The valuation for SSRI is extremely compelling, plain and simple. At current prices, SSRI has a market cap of $591 million. The company has $401 million cash, plus a $107 million interest in Pretium Resources (NYSE:PVG) and $12 million in marketable securities. This leaves SSRI with an enterprise value of just $223 million. Meanwhile, the company has a total resource base of 1.18 billion ounces, so the market is valueing each silver ounce at just $.19 per ounce (figures as of December Presentation).
SSRI owns and operates the Pirquitas mine in Argentina, which achieved commercial production in December 2009. This mine is expected to finish 2013 with 8.5 million ounces of silver produced.

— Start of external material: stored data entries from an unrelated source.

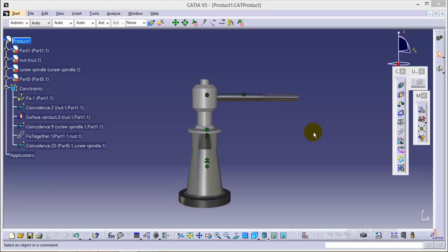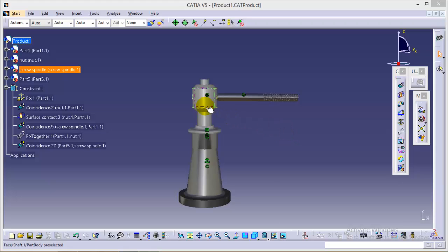Hello friends, this is Abhishek Agriwal here and in this particular tutorial, I'll be showing you how a wireframe view could be very handy in the assembly workbench of CATIA V5, and along with this, I'll also show you how to assemble a cup with the respective assembly.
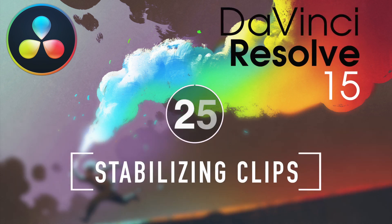I'm Alexis van Herkman, and welcome to Resolve in a Rush, where you'll learn DaVinci Resolve grading and finishing techniques in under 5 minutes.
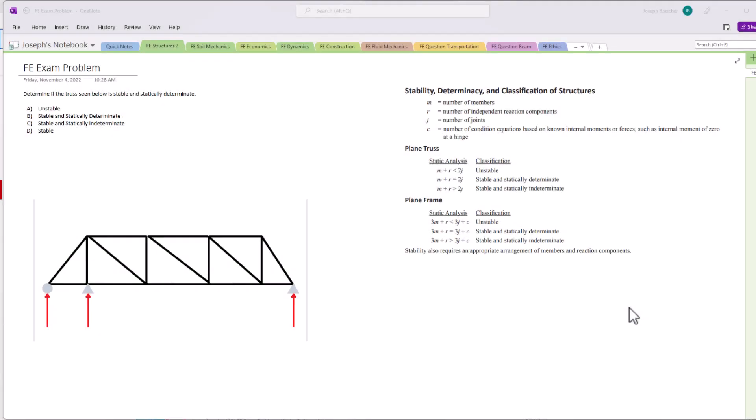Hello test takers and welcome back to Exam Prep Solutions. Today we've got a structural analysis FE exam problem. We have a free guide that gives you the five steps to solving any FE exam problem, and you can download that guide 100% free. Just go to the description box down below. Now let's get into this problem.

Meanwhile, the company sold the San Augustin project to Argonaut Gold (OTCPK:ARNGF) for $75 million, and in 2012, announced an option for a JV with Prospero's San Luis Del Cordero high grade silver property in Mexico (Silver Standard has the option to earn a 51% interest within 3 years by incurring total property expenditures of $3.5 million).
My favorite project of Silver Standard is the high-grade San Luis project, which holds a resource base of 8.9 silver ounces at 595.5 g/t (As well as 350,000 gold ounces at 25.2 g/t). The mine is expected to produce 78K gold ounces and 1.9 silver ounces a year and requires just $90 - $100 million to startup.
Silver Standard did produce silver at higher than average costs in 2013, however I feel that the company's advanced cost restructuring program could lead to further cost reductions in 2014. If Silver Standard can get its costs down in 2014 and use its hefty cash balance for accretive acquisitions (I want to see more high-grade, low capex projects, personally), then I think the stock will crush its peers.
Disclosure: I am long SLW, SVLC, . I wrote this article myself, and it expresses my own opinions. I am not receiving compensation for it (other than from Seeking Alpha). I have no business relationship with any company whose stock is mentioned in this article.